Faster memcpy

Hi,

I am using Ubuntu 13.10 with kernel 3.13.6 on my BBB. I heavily use memcpy in my application. It takes ~18ms to copy 3932160bytes from src to dest. Thats ~200MB/sec. Is there any chance to make memcpy faster?

As compiler I use
gcc-Version 4.8.2 20130902 (prerelease) (crosstool-NG linaro-1.13.1-4.8-2013.09 - Linaro GCC 2013.09)
on my windows machine.
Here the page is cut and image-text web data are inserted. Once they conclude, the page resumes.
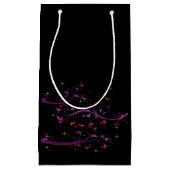 Petit Sac Cadeau Fleurs roses chaudes (Devant)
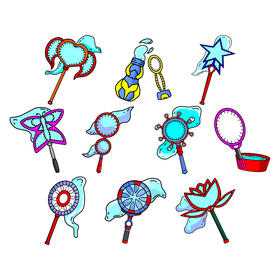 Bubble Wand vector Set vector
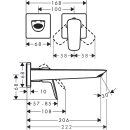 HANSGROHE 71256000 2-Loch Waschtischarmatur Unterputz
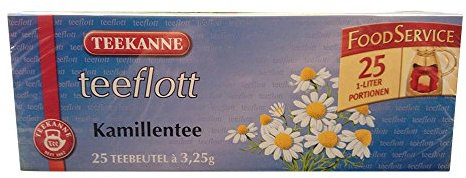 Teekanne Teeflott Kamillentee (25x3,25g)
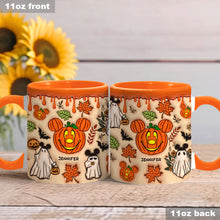 Load image into Gallery viewer, Personalized Halloween Accent Mug with Custom Name - Fun Pumpkin Design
The compiler switches are:
-march=armv7-a -mtune=cortex-a8 -mfloat-abi=hard -mfpu=neon -ffast-math -O3

Any help is appreciated.

Robert

See from here
http://infocenter.arm.com/help/index.jsp?topic=/com.arm.doc.faqs/ka13544.html

fastest way is PLD + NEON

but seems linaro dont use neon as default

I test with this code

#include <stdio.h>
#include <string.h>
#include <stdlib.h>

int main ( void ) {
char *src;
char *dst;
src=malloc(1<<20);
dst=malloc(1<<20);
memcpy(dst,src,(1<<20));
}

arm-linux-gnueabihf-gcc test.c -march=armv7-a -mtune=cortex-a8 -mfloat-abi=hard -mfpu=neon -ffast-math -O3 -static

arm-linux-gnueabihf-objdump -S a.out > memcpy.dump

You can see it . but I dont know if any version gcc for arm use neon + pld as default . if anyone know , please let me know .

Thanks and regards